Accoutre : The Art of Attire
The sculptural jewellery of Nakano Kaoru
Accoutre: to clothe or equip, typically in something noticeable or impressive.
Nakano Kaoru believes that the body -eyes, nose, mouth, ear, hands and feet – are sculpture. Her jewellery was conceived from wondering about the effect of adding another form. She does not see jewellery as accessorizing, rather as the formal attiring of the person: ‘To attire oneself is to move from the mundane to the extraordinary. I want the objects to make statements about the being and identity of the person wearing them.’
Nakano’s sculptural works are created from the Japanese paper mulberry, Broussonetia Kazinoki. A strong fibrous material, Japanese paper, washi, is part of a time-honoured tradition in Japan integral to the refined calligraphic culture of the aristocracy, the world of the popular woodblock print and the beauty of the Japanese home. It has been used for clothing, kamiko, a tradition recently revived by renowned Japanese designer Issey Miyake. The strength and pliability of the material allows Nakano maximum freedom in creating her unique designs.
Three-dimensional form in Nakano’s creations emerges without any framework from layering the material, thin paper to thick paper increasing 2.5 grams at a time. The fibre of the paper mulberry whitens in the sun, and Nakano uses a chemical to aid this in some of the work. Alternatively, the paper is soaked in glue until saturated, its texture created by rumpling with the hands. The glue acts as a preservative and can also be used to modify the colour. It is soft and pliable like fabric and rolled in the hands becomes stretchable.
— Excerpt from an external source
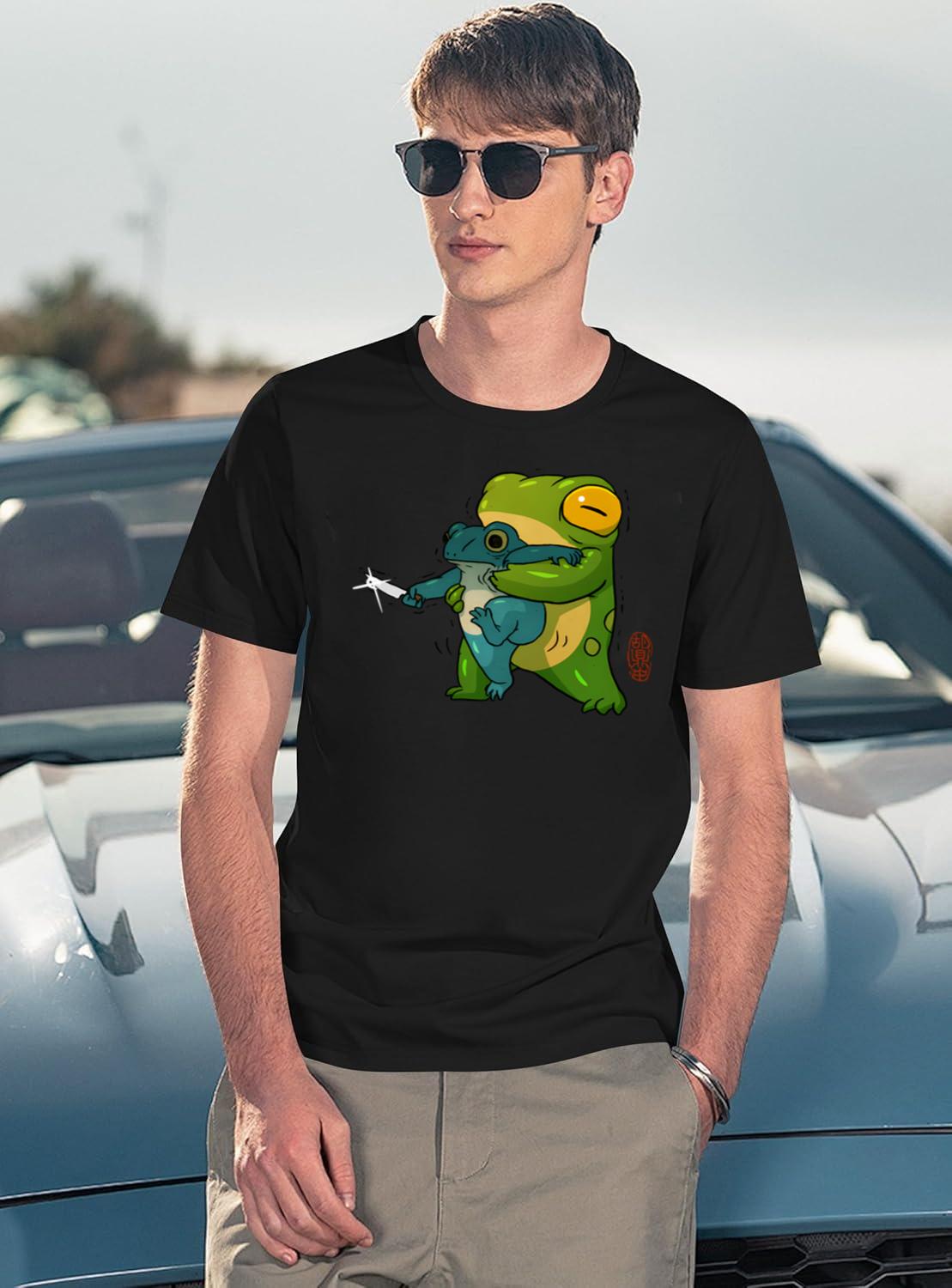 Cute Stabby Frog Being Held Back Let It Go Bro Artwork product image 3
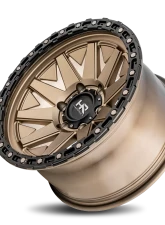 Hardrock Offroad H106 Aluminum Wheel 17x9 6x135 -12 87.1 Matte Bronze-Black B/L                                     - H106-179036112BR - Image 4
In this way Nakano changes the emotional expression of the paper.
Nakano was born Otsu in Shiga Prefecture on the shores of Lake Biwa, a site steeped in Japanese history and culture, a stopping point on the famous Tokaido between Tokyo and Kyoto and the subject of ukiyoe masters Hiroshige and Hokusai. Graduating in literature from university in Kyoto, and undoubtedly conscious of the seminal role of paper therein, Nakano continues Japan’s long aesthetic tradition of purity, tranquility, harmony, and respect – for material and craft. Within this tradition she has found the means for individual freedom of expression. She has been an invited exhibitor to several museum shows in Italy and is part of an international trend in jewellery whereby the creative use of material is more significant than its intrinsic value.
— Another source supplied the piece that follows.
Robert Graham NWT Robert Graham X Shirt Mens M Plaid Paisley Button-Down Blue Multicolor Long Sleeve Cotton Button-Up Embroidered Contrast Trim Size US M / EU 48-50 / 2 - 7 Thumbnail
Nakano takes inspiration ‘from the contemporary spirit…from a multiplicity of sources’ that speak to her. She sees her artistic expression as a natural manifestation of long exposure to art: ‘As I create, unknowingly, little by little, I feel that the essence of all the art that I absorbed when I was young, is being re-expressed in new forms. As I make contemporary objects, I feel that I am in tune with past objects. And I feel that there is a dialogue being created with my essence, my DNA.’